Kur'an'da Ashâb-ı Kehf'in
üzerine yapılan binânın mescid olarak zikredilmesi (18/İsrâ, 21), ehl-i kitabın,
peygamber ve azizlerin kabirleri üzerine yaptıkları binâları bu şekilde
adlandırdıklarını ve bunların içinde ibâdet ettiklerini gösterir. Nitekim Ümmü
Habîbe ve Ümmü Seleme Habeşistan'a hicret ettiklerinde resimlerle süslenmiş
böyle mescidler görmüşlerdir. Bu durumu Hz. Peygamber'e haber verince Rasûlullah
(s.a.s.), hıristiyanların, içlerinden sâlih bir kişi öldüğünde onun kabri üstüne
mescid inşâ ettiklerini ve içine resimler yaptıklarını, bu kişilerin kıyâmet
gününde mahlûkatın en kötüleri olacağını belirtmiş, bu hareketlerinden dolayı
yahûdi ve hıristiyanları lânetlemiştir (Buhârî, Salât 45, 54; Müslim, Mesâcid
16-23). Peygamber lisanıyla lânetlenmesine ve dinin yasaklamasına rağmen sâlih
kabul edilen bazı kabirlerin üstüne veya kabrin içinde kalacağı şekilde yanına
mescidler yapıldığına İslâm tarihinde çokça şâhit oluyoruz. Eyüp Sultan, böyle
kabul edilebilir mi, tartışılabilirse de, Konya Mevlânâ câmimi/müzesi buna tipik
bir örnektir. Nice câmilerin bahçesinde ve hatta içinde kabirler
görülmektedir.
Osmanlılar döneminde pâdişahlar
tarafından inşâ ettirilen büyük câmilere "selâtin câmileri", vezirler ve
diğer devlet ricâli tarafından yaptırılan orta büyüklükteki câmilere bânîsinin
adına izâfeten sadece câmi, küçük olanlara da mescid denilmiştir.
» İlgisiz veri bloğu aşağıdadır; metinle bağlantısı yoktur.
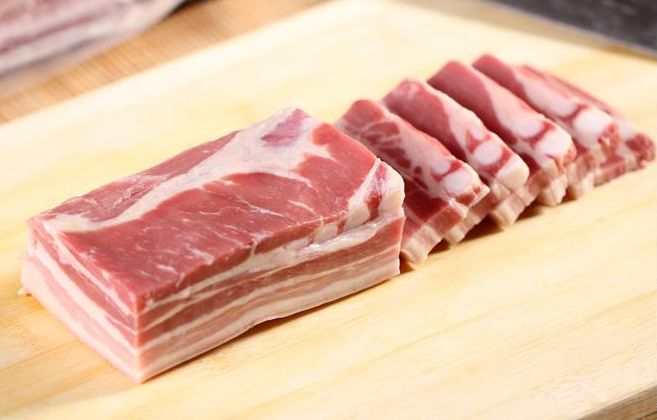 买五花肉挑上五花还是下五花口感大不一样别买错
Mescidlerin
Cuma namazı kılınan câmiye dönüştürülmesi ise berat ve izinle olmaktaydı. "Namaz
kılınan yer" demek olan "musallâ", Hz. Peygamber döneminde bayram
ve cenâze namazı kılınan yerler için kullanılmıştır. Yol boylarında üstü açık
mescidlere ise Farsça'dan Türkçeye geçen "namazgâh" denilmiştir.